======== Records to use ========

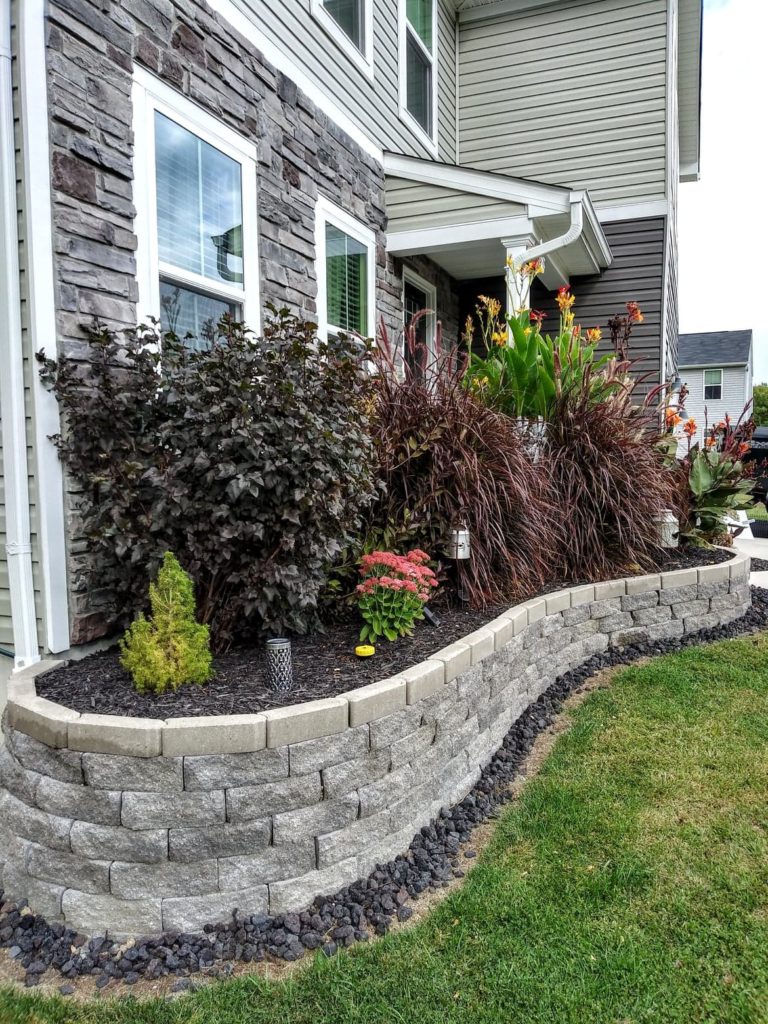 best flower bed ideas with stone and retaining wall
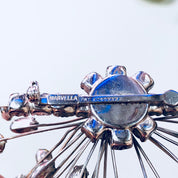 Close-up of a vintage Marvella jewelry set featuring a silver brooch with blue and clear rhinestones and matching clip-on earrings, showcasing an art deco design.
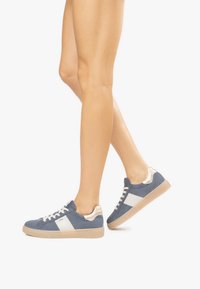 Baskets en daim bleu avec une rayure blanche, des accents beiges, une surface texturée et une semelle en gomme, dotées de lacets et d'un col rembourré.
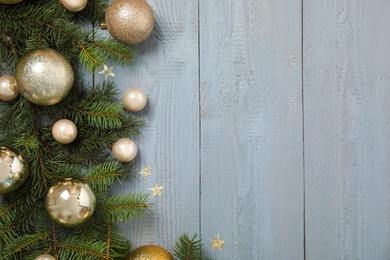 Fir branches with Christmas decoration on grey wooden background, flat lay. Space for text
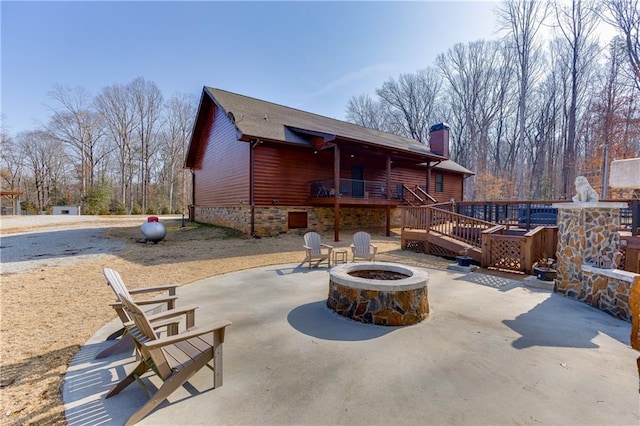 view of patio / terrace with a deck and an outdoor fire pit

========

### Assignment:
Skip the pictures. Please copy exactly the lines from the one with "Fir branches with" through the final line of the material above, both ends included.

### Your solution:
 Fir branches with Christmas decoration on grey wooden background, flat lay. Space for text
 view of patio / terrace with a deck and an outdoor fire pit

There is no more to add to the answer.